#### [What you have to do]
All that is wanted is the exact text of the lines below from the one with "People celebrate outside" through the one with "Food and drinks - tomatoes on a plate", inclusive, minus any pictures.

#### [Material for the task]
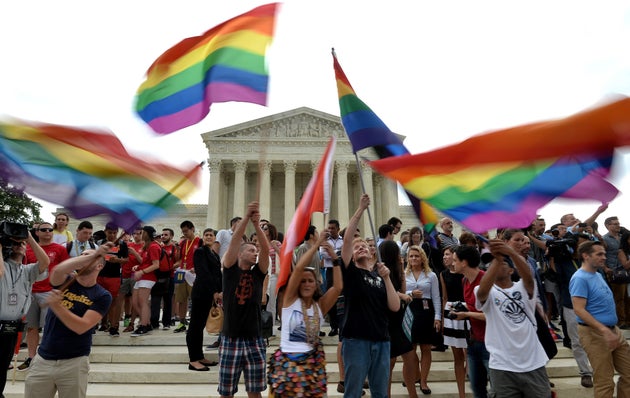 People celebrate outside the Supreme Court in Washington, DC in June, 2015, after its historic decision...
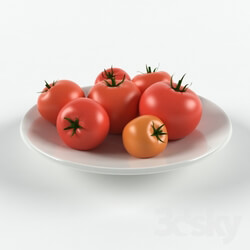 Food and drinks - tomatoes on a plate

==

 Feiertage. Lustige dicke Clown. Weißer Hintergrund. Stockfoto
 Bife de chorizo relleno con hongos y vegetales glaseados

==

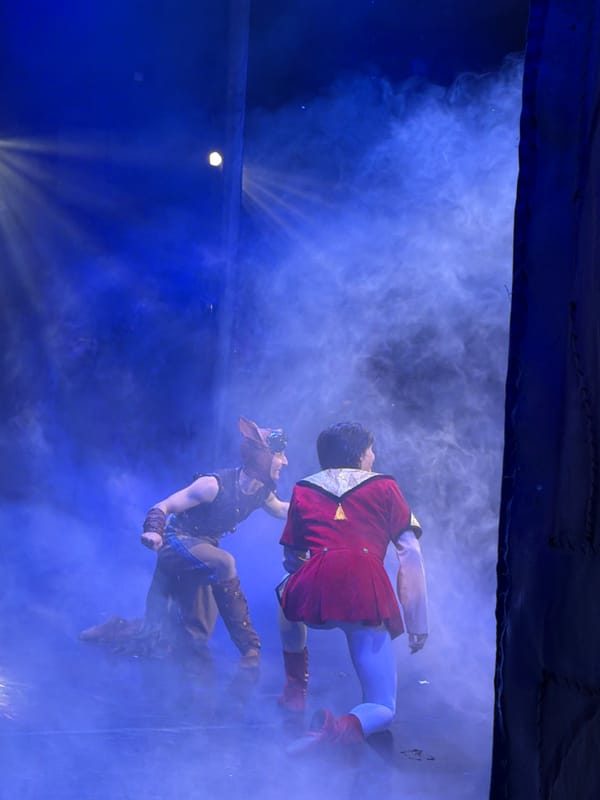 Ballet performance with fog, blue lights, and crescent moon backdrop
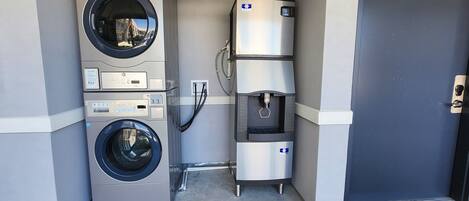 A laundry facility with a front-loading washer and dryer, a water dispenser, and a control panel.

#### [Task answer]
 People celebrate outside the Supreme Court in Washington, DC in June, 2015, after its historic decision...
 Food and drinks - tomatoes on a plate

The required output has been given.